There are several ways to access the Lacombe Corn Maze website: Type kraayfamilyfarm.com into your browser, Google it or board a helicopter with a smart phone and scan the seven-acre QR code below.
Every year, Rachel Kraay, her husband and his parents think of a different design for the Lacombe Corn Maze. This year, it’s the wold’s largest QR code, a Quick Response matrix used by smart phones to access information.
They just received confirmation from the Guinness Book of World Records in September after months of work. “They require a lot of evidence,” says Kraay, “and we needed to be able to scan the code with a smart phone from the air.”

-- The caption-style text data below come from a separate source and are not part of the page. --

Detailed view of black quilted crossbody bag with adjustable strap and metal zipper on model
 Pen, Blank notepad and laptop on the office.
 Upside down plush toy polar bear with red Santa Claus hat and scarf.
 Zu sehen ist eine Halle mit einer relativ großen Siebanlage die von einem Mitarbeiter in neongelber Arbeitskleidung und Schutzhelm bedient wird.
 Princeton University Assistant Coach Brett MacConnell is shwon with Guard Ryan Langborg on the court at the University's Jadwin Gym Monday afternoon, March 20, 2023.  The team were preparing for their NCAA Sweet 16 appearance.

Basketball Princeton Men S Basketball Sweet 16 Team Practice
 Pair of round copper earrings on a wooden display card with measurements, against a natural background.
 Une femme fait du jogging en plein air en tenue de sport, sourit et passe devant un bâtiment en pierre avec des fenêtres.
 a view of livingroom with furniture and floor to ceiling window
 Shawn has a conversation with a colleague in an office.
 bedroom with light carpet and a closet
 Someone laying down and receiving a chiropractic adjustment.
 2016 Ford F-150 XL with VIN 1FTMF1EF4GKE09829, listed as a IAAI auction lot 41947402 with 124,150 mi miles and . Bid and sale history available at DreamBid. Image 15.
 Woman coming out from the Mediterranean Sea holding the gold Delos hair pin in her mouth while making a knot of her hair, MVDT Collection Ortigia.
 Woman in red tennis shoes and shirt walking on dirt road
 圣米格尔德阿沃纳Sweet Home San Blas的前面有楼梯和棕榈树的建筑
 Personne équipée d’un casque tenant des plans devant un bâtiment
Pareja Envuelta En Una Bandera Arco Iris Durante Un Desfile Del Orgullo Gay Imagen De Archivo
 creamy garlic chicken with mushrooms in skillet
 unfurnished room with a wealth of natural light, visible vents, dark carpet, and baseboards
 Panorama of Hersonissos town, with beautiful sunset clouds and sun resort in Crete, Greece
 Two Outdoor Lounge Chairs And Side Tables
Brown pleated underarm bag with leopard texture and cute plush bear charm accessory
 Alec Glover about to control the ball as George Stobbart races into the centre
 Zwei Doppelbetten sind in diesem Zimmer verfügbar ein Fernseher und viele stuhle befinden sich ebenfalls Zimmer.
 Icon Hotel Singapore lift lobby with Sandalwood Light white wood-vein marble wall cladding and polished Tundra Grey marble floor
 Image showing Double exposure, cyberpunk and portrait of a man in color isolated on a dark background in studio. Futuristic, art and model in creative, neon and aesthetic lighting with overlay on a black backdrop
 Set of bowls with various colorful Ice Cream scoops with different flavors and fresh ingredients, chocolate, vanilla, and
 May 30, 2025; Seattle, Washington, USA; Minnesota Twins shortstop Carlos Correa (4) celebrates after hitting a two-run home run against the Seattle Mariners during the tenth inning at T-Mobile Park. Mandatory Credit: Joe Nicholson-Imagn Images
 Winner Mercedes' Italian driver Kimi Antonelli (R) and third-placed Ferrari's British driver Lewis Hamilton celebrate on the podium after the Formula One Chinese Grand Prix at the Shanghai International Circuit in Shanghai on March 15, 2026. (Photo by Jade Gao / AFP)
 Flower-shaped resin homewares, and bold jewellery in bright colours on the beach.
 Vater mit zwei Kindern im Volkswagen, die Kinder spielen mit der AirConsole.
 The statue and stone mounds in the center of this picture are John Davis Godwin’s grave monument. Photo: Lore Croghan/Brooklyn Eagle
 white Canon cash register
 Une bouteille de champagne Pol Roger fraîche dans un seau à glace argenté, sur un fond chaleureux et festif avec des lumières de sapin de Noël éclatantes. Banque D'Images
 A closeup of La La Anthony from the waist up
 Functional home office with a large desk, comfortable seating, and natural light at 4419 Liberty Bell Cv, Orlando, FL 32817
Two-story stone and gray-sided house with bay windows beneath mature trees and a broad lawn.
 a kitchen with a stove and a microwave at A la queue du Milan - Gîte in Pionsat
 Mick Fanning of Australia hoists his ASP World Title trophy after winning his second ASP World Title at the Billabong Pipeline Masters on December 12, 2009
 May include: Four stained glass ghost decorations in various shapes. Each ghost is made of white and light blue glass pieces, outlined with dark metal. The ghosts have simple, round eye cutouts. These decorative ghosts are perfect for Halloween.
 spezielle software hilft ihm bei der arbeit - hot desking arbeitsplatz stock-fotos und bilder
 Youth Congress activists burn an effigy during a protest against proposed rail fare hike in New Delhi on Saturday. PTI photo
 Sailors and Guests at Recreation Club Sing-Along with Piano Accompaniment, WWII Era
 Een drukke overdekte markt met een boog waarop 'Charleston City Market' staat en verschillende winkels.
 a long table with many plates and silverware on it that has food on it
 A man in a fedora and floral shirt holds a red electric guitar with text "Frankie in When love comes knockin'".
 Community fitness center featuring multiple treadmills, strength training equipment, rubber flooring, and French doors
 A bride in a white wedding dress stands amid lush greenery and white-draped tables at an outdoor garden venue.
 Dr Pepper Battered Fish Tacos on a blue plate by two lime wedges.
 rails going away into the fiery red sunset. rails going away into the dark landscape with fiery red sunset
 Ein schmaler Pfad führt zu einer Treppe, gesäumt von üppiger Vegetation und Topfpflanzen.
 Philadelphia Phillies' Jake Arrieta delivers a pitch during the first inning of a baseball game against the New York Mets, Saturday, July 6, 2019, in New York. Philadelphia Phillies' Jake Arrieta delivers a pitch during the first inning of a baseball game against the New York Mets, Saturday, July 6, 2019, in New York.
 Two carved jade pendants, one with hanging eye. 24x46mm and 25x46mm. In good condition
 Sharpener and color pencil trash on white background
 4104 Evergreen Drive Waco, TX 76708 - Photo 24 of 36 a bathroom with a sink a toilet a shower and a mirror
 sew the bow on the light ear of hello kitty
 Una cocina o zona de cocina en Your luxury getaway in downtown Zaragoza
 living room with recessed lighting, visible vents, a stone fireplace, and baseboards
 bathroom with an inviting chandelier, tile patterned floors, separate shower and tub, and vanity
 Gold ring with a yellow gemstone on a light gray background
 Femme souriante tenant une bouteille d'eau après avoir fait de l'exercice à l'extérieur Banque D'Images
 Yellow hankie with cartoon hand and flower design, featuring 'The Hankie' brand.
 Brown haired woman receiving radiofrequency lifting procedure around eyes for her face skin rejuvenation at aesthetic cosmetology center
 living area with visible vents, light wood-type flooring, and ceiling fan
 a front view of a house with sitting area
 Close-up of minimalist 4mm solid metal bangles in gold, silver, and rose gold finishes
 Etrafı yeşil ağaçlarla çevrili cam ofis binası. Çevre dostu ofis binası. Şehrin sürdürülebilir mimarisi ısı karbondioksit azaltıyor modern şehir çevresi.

To accomplish this, the family tried to scan the code by helicopter with no luck. Undeterred, they cultivated the pathways, thinking a higher contrast between the dark soil and the light corn would be easier to scan. They were right – the second time they flew over, it worked.
The decision to create a QR code was easy since the technology already resembles a maze, but the Kraays can’t take all the credit for the finished product.
Just as you’d hire an architect for a building, there are international corn maze companies that specialize in figuring dimensions and designs, making a maze both logistically sound and visually appealing. The Lacombe farm’s architect, the MAiZE, has designed over 2,000 corn mazes across the globe, including four in Alberta such as the Edmonton Corn Maze, co-owned by Rachel’s brother-in-law, Jesse Kraay.
Jesse transfers the MAiZE’s coordinates onto the corn using spray paint and flags, cutting the crop when it’s just six inches tall. It’s a difficult and lengthy process, taking several weeks.
And, while it could be made easier with GPS technology,Rachel says both groups are “old fashioned” that way. The giant QR code begs to differ.